Hales, Norfolk (†unknown ?Norwich) C.14

St James the Great

St James as pilgrim, Hales

St James the Great, described in the Bible as the son of Zebedee and the brother of John, was the patron saint of pilgrims and pilgrimages in the Middle Ages. His own great shrine at Compostela in northern Spain was the most popular in the Christian world after Jerusalem and Rome.

There are a few paintings of him left in the English parish church, and he is sometimes found on painted screens. Here he looks less obviously like a pilgrim than he sometimes does elsewhere, but he has his pilgrim’s staff in his right hand and perhaps once wore a traditional pilgrim’s hat, as in the painting at Belton, not far away. It may be that the church at Hales was one that pilgrims visited en route – to Walsingham or the Holy Rood of Bromholm further north in Norfolk, south to Canterbury like Chaucer’s pilgrims, or to Lowestoft or Felixstowe to take ship for pilgrimage abroad. And there were any number of smaller local shrines in this area, as everywhere.

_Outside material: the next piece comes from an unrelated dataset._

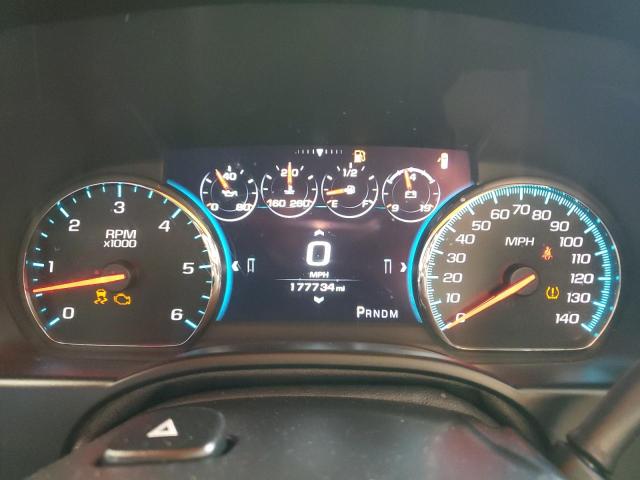 2016 Chevrolet Tahoe K1500 Ltz VIN: 1GNSKCKC2GR244757 Lot: 57904804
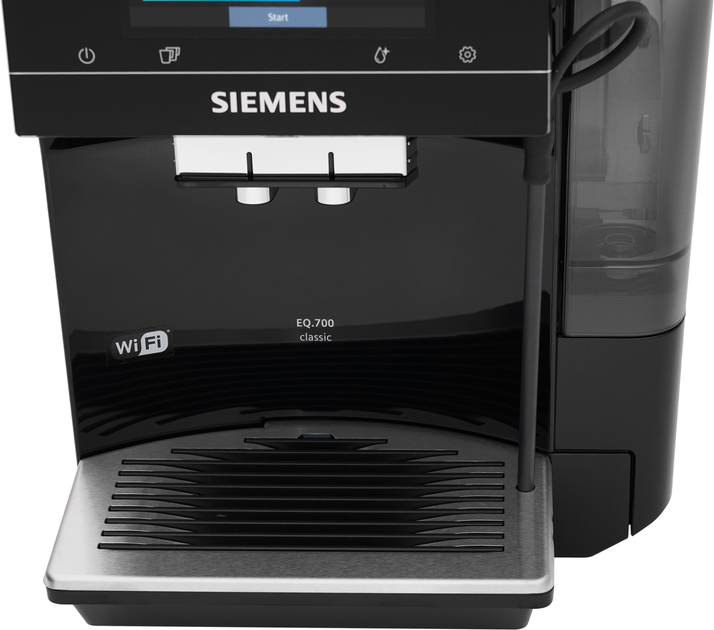 Кофемашина SIEMENS TP703R09 - изображение 8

James is holding a faded scroll in his left hand. What was written on it is long gone, but it was possibly his ‘Article’ – ‘Who was conceived by the Holy Ghost, born of the Virgin Mary’ – according to the old belief that each of the points in the Apostles’ Creed was actually ‘contributed’ by an individual Apostle.¹

It is just possible in this photograph to make out (above and to the left of James) the beginning of the curve of the 12th century apsidal chancel, with its scrollwork border where it meets the roof. This too was painted at one time, and there are some faint traces left. In the nave, opposite James, is a figure behind the reading desk who may be John the Baptist; there is also a partly uncovered painting of St Christopher, and two angels with very large trumpets high up at either side of the chancel arch. This latter is probably the remains of a 15th century Doom.

¹ Although authorities sometimes differ on which Article belongs to which Apostle. This is the one given to James in the 15th century stained glass at Fairford, Gloucester (not to be missed by anyone in that area).